Complexity analysis of quasi continuous level Monte Carlo
Cedric Aaron Beschle, Andrea Barth
TL;DR
The paper analyzes a quasi-random variant of continuous level Monte Carlo (QCLMC) as an unbiased estimator for magnetic quantities of interest, replacing i.i.d. tail samples with a deterministic quasi-random sequence to reduce variance. It proves a complexity theorem showing that QCLMC attains the same optimal complexity as CLMC and MLMC up to constants while potentially achieving lower variance. The authors validate the theory on a 2D elliptic PDE with a log-Gauss coefficient, showing that QCLMC can outperform CLMC in time-to-error, especially when the variance-to-bias ratio favors the quasi-random tail sampling.
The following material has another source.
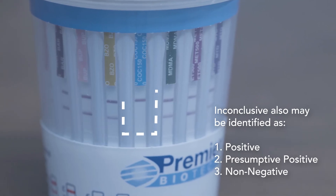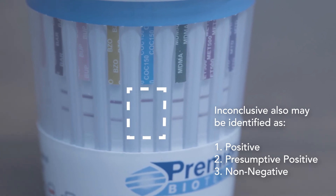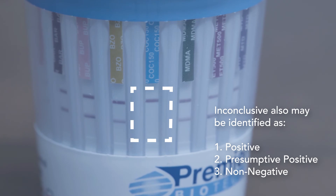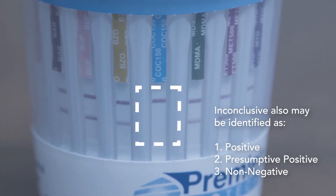An inconclusive result, as seen in this example, is indicated by only the top control line present and the absence of a bottom test line, read at five minutes. The Premiere BioCup may come with specimen validity testing.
The work demonstrates that quasi-random tail sampling provides variance reductions with negligible extra cost and is robust to problem dimensionality, making QCLMC a favorable alternative to CLMC in uncertainty quantification tasks with adaptive meshes.
Abstract
Continuous level Monte Carlo is an unbiased, continuous version of the celebrated multilevel Monte Carlo method. The approximation level is assumed to be continuous resulting in a stochastic process describing the quantity of interest. Continuous level Monte Carlo methods allow naturally for samplewise adaptive mesh refinements, which are indicated by goal-oriented error estimators. The samplewise refinement levels are drawn in the estimator from an exponentially-distributed random variable. Unfortunately in practical examples this results in higher costs due to high variance in the samples. In this paper we propose a variant of continuous level Monte Carlo, where a quasi Monte Carlo sequence is utilized to "sample" the exponential random variable. We provide a complexity theorem for this novel estimator and show that this results theoretically and practically in a variance reduction of the whole estimator.